A spectro is very precise, and provides highly repeatable measurements. Especially the ones that use white LEDs as an illuminant which are more stable than tungsten lamps which have thermal drift time changes. Even so, the latter is consistent within 1% or so and the former perhaps 0.1%.
The problem with spectros is that they can't measure very small areas. They effectively average the reflected light over about 5 mm^2. A scanner, like a camera, can measure luminance over areas of hundred um*2 to better than 1% quite well. But they can't measure spectral info. But they do a reasonable job of measuring colorimetric info. Especially when measuring CYMK printed images or RGB ones from a display (for a camera). This is because the spectral info can be modeled by a linear combination of the CYM inks or RGB colors. Problems arise when scanning or photographing things with more spectral diversity such as colorcheckers, especially the Colorchecker SG. There, the critical factor is how well the scanner/camera meets the L/I criteria.
While I was initially concerned about how much light is reflected by the glass or other structural components unrelated to the paper's actual reflectance, it turns out this is pretty small. No more than about .2%. It's so low that if I scan with nothing on the scanner and the lid open with the room lights off I can see residuals on the glass like fingerprints, or even ink patterns from scans of prior prints. To mitigate this I've started baking my prints at 160F for half an hour after printing to reduce/eliminate the small amount of glycol that is mixed with water in the inks. Letting it dry at room temp. even overnight was not sufficient. Amazing effect actually.
In looking at the actual reflected light ratios, a white sheet of Costco paper measures 1.20 times higher than a white patch that is 3mm square inside an otherwise black inked sheet. For the Baryta paper, the ratio is a bit higher at 1.22. This is consistent with the Baryta spectral measurements which indicate it reflects 10% more light than the Costco paper. 1.22 = 1 + (10% of .2). Note that the ".2" in that equation is the portion of additional light reflected by white paper's surface back onto the frosted LED covers, then back to the paper.
A validation of the hypothesis is doing the same experiment when the "white" is decreased by inking so the reflectance is half that of the uninked paper.

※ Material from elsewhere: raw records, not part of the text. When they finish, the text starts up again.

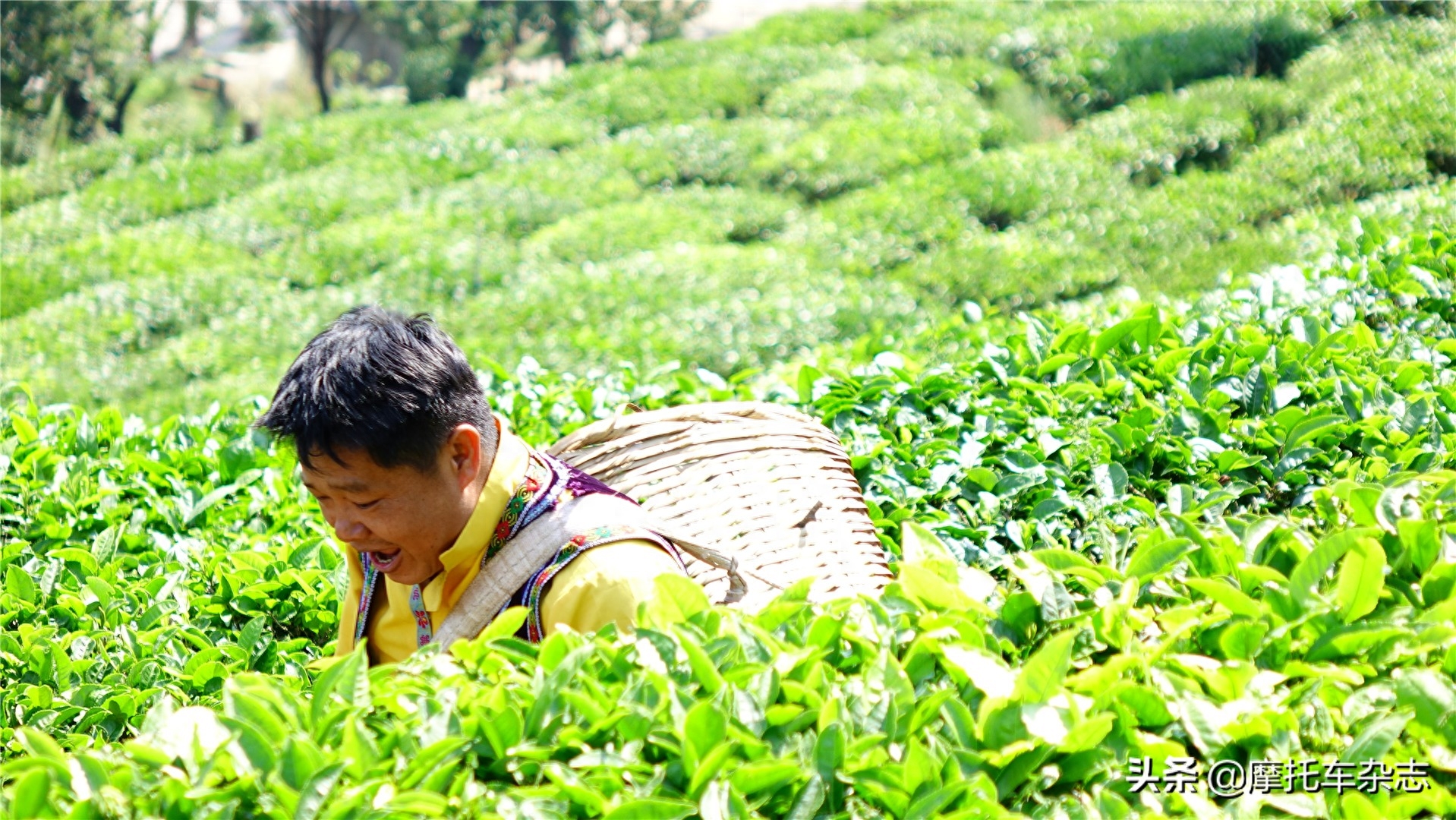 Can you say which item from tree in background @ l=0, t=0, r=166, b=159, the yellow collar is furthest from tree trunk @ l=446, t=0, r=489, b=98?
the yellow collar

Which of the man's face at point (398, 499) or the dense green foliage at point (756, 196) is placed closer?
the man's face at point (398, 499)

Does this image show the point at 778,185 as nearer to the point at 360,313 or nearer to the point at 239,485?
the point at 239,485

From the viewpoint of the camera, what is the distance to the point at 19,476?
3557mm

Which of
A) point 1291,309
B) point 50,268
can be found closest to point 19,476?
point 1291,309

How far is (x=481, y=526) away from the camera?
7.25 feet

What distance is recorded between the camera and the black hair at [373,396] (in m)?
2.03

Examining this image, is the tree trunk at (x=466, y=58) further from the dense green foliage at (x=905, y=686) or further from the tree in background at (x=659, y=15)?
the dense green foliage at (x=905, y=686)

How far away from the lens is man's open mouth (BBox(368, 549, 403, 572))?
224 cm

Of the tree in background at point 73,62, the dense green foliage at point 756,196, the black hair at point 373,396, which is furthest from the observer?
the tree in background at point 73,62

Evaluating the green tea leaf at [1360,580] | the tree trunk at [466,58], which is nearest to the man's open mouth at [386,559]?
the green tea leaf at [1360,580]

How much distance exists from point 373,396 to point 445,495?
0.23m

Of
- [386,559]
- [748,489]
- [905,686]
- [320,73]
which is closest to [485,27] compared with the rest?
[320,73]

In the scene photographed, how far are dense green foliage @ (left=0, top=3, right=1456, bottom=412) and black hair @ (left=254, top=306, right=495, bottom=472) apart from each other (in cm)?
371

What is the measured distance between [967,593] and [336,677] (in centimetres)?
85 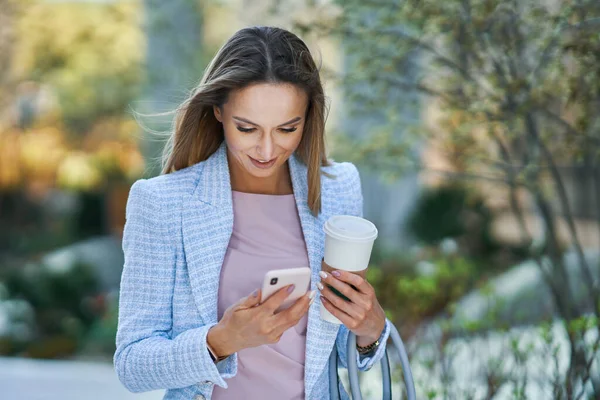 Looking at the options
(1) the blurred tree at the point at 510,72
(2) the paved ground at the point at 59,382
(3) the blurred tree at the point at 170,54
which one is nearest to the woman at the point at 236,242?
(1) the blurred tree at the point at 510,72

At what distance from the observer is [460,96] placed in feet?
9.80

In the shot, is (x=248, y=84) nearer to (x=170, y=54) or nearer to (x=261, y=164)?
(x=261, y=164)

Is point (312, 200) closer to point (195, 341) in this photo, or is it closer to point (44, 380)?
point (195, 341)

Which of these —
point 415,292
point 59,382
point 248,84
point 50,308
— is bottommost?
point 50,308

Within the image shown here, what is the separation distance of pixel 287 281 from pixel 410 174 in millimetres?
5052

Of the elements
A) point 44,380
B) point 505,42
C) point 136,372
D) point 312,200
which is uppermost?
point 505,42

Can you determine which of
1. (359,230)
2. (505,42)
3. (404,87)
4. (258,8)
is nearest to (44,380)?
(258,8)

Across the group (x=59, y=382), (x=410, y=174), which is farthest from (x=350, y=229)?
(x=410, y=174)

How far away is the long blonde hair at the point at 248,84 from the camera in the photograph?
5.03 ft

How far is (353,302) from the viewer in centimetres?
143

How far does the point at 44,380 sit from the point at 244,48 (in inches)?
140

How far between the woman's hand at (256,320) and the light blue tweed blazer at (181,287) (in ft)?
0.21

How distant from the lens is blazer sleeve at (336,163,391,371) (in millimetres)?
1566

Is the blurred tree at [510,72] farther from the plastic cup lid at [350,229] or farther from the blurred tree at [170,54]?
the blurred tree at [170,54] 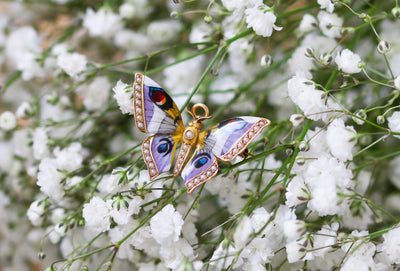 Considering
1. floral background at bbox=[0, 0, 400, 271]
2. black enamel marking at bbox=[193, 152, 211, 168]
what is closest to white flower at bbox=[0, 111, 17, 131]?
floral background at bbox=[0, 0, 400, 271]

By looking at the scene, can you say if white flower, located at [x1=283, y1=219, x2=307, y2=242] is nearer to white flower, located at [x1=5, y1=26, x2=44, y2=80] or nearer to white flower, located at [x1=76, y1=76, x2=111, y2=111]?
white flower, located at [x1=76, y1=76, x2=111, y2=111]

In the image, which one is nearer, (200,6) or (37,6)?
(200,6)

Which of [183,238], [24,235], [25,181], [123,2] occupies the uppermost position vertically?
[123,2]

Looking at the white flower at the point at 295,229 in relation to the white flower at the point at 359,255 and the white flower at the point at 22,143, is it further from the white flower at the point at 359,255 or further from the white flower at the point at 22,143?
the white flower at the point at 22,143

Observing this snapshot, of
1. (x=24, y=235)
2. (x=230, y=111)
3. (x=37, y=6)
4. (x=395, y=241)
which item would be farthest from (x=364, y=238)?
(x=37, y=6)

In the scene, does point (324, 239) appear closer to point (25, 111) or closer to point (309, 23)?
point (309, 23)

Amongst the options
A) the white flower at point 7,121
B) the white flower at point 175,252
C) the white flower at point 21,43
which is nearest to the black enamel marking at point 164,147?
the white flower at point 175,252

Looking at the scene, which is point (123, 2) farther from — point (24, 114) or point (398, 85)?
point (398, 85)

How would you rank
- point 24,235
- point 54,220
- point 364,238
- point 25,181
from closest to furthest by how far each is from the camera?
point 364,238 → point 54,220 → point 25,181 → point 24,235

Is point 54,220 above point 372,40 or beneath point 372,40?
beneath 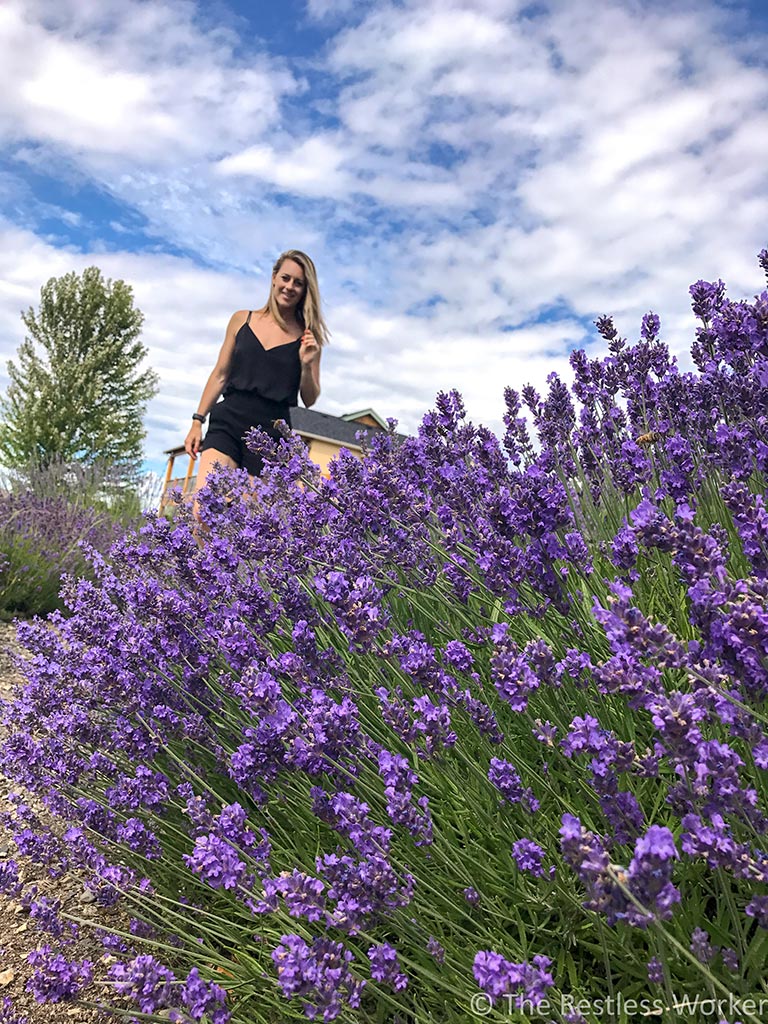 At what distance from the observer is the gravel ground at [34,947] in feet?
7.34

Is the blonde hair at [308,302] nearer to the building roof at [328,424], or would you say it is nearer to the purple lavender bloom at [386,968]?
the purple lavender bloom at [386,968]

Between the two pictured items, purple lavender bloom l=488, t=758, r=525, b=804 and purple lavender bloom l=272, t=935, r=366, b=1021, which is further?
purple lavender bloom l=488, t=758, r=525, b=804

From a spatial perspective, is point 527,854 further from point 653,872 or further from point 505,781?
point 653,872

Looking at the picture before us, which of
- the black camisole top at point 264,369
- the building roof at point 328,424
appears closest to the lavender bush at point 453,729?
the black camisole top at point 264,369

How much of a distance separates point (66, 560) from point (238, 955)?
599cm

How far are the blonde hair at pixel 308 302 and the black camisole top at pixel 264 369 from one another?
0.58 feet

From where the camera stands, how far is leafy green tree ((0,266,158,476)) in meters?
28.2

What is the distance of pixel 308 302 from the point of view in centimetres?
627

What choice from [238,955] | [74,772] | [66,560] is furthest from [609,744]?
[66,560]

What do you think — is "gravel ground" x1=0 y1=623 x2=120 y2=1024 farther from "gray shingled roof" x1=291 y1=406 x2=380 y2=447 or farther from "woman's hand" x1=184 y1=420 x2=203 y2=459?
"gray shingled roof" x1=291 y1=406 x2=380 y2=447

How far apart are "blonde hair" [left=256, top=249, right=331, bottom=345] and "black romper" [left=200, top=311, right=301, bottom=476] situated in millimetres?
183

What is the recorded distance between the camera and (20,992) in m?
2.32

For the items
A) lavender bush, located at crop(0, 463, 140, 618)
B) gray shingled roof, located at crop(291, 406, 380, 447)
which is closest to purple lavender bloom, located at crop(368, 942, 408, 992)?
lavender bush, located at crop(0, 463, 140, 618)

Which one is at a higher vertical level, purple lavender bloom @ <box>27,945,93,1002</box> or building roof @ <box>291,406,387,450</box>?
building roof @ <box>291,406,387,450</box> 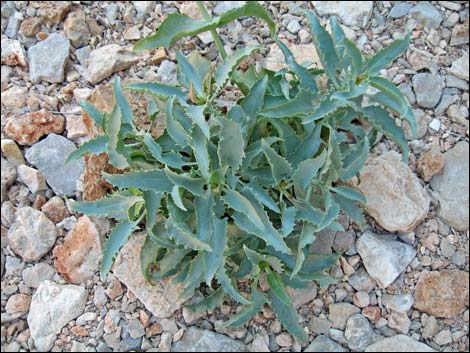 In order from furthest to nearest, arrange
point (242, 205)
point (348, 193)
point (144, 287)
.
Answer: point (144, 287) → point (348, 193) → point (242, 205)

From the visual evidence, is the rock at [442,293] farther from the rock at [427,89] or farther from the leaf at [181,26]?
the leaf at [181,26]

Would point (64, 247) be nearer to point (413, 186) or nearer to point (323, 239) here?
point (323, 239)

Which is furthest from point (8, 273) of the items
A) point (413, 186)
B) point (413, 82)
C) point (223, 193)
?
point (413, 82)

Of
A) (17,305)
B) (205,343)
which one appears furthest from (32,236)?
(205,343)

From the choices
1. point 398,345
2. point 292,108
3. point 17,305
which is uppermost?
point 292,108

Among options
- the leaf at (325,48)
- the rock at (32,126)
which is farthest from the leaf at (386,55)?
the rock at (32,126)

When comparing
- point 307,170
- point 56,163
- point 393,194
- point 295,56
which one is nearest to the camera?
point 307,170

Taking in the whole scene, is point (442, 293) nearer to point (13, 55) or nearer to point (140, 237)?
point (140, 237) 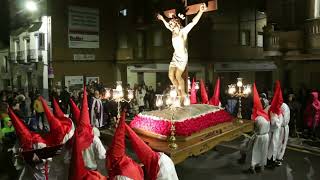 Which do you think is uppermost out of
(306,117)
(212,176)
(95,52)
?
(95,52)

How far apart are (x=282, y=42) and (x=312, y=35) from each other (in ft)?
4.27

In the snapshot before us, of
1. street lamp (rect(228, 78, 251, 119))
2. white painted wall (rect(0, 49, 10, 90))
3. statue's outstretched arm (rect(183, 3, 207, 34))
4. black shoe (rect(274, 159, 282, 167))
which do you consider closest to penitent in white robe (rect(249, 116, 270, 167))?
black shoe (rect(274, 159, 282, 167))

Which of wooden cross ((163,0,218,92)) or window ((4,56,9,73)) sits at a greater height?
wooden cross ((163,0,218,92))

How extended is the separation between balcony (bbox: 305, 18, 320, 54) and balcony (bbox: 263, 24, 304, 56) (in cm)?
34

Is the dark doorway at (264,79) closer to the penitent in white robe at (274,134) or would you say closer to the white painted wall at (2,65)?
the penitent in white robe at (274,134)

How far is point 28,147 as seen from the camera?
640cm

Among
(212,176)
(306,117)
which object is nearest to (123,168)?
(212,176)

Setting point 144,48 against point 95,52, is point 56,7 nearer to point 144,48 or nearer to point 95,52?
point 95,52

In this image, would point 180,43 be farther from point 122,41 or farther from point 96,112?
point 122,41

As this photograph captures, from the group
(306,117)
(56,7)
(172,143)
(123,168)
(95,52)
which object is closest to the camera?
(123,168)

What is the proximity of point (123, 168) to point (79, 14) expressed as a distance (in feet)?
76.5

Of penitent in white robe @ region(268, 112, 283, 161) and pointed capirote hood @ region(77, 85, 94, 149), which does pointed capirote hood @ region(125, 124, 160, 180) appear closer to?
pointed capirote hood @ region(77, 85, 94, 149)

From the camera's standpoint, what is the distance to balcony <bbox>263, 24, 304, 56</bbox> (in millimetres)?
15336

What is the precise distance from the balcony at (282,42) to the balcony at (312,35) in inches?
13.2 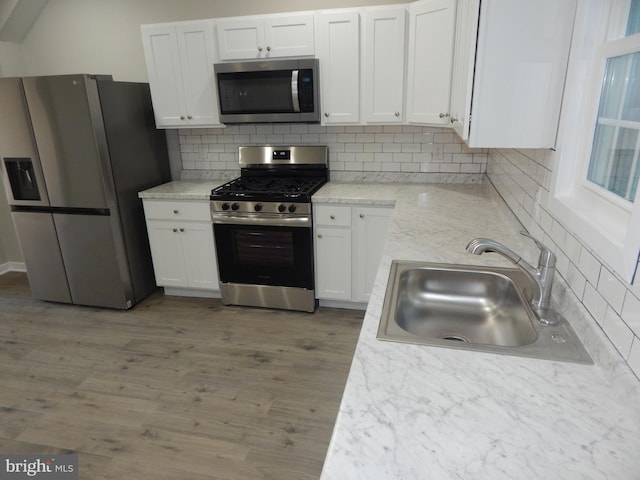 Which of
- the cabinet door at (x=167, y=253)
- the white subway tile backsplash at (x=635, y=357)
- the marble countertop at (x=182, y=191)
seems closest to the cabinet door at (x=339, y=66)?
the marble countertop at (x=182, y=191)

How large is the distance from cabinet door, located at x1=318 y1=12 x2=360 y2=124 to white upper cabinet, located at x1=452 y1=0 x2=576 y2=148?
1417mm

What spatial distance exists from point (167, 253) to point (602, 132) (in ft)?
10.00

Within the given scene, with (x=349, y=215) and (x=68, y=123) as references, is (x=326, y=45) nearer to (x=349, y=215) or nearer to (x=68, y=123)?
(x=349, y=215)

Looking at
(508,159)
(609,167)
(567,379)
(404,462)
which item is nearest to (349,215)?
(508,159)

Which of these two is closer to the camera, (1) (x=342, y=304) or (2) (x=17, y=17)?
(1) (x=342, y=304)

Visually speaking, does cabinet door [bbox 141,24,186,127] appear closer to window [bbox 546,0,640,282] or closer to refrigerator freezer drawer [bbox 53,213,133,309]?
refrigerator freezer drawer [bbox 53,213,133,309]

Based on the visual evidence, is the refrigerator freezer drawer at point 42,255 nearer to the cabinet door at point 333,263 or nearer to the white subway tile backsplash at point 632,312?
the cabinet door at point 333,263

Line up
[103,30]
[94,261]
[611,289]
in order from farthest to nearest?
[103,30] < [94,261] < [611,289]

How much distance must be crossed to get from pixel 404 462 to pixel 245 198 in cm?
246

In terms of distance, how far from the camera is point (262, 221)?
303cm

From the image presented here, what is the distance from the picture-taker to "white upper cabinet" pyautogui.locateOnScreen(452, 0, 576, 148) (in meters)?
1.34

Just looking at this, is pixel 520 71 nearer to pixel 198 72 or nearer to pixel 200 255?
pixel 198 72

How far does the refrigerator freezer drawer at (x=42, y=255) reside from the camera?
10.8 ft

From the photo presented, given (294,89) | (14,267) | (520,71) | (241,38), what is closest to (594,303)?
(520,71) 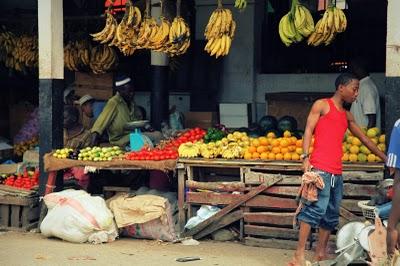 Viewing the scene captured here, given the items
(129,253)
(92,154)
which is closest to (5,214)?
(92,154)

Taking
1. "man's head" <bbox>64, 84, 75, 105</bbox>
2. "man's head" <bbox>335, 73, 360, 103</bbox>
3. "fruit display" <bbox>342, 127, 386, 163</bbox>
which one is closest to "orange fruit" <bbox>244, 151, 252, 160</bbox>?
"fruit display" <bbox>342, 127, 386, 163</bbox>

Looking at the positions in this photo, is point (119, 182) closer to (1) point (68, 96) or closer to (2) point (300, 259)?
(1) point (68, 96)

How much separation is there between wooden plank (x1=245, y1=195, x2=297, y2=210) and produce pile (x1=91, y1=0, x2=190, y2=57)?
2290mm

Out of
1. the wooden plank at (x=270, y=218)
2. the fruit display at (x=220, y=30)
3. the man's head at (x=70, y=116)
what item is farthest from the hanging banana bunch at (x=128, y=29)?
the wooden plank at (x=270, y=218)

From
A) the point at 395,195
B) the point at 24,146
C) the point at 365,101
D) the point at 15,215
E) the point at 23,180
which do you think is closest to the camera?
the point at 395,195

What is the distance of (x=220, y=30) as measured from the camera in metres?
8.01

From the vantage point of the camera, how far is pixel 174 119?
9.97m

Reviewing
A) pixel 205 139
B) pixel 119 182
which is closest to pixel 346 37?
pixel 205 139

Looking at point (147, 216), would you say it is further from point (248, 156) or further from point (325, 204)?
point (325, 204)

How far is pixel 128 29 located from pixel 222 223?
9.27 feet

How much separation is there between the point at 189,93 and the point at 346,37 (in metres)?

The same experiment yields only a 1.10 difference on the Costco papers. This is consistent with halving the light reflected from the LED covers while the full light directly from the LEDs is still hitting the scanned paper surface.
Fortunately, this turns out to be correctable in two phases. The first is the correct each scanned patch by subtracting the contributions of patches around it. This basically involves multiplying the spectral data of each patch by it's positional reflectance contribution (from about 1.2% to .05% depending on position and doing this for the 24 surrounding patches. This goes out to about 20mm around the 6mm patches generated for the iSis and, while there is some impact beyond this, it's minimal and this approach captures over 90% of the scanner, reflected light, additive error. I've got the numbers for this and am incorporating it into the process that creates the scan data for Argyll.
The second phase involves reading the RGB values of a scan's pixels, calculating the XYZ values, and doing a similar subtraction. While this rapidly expands into some really large calculations it can be simplified by resizing the pixels used for the adjustment by 10 to 1 or more.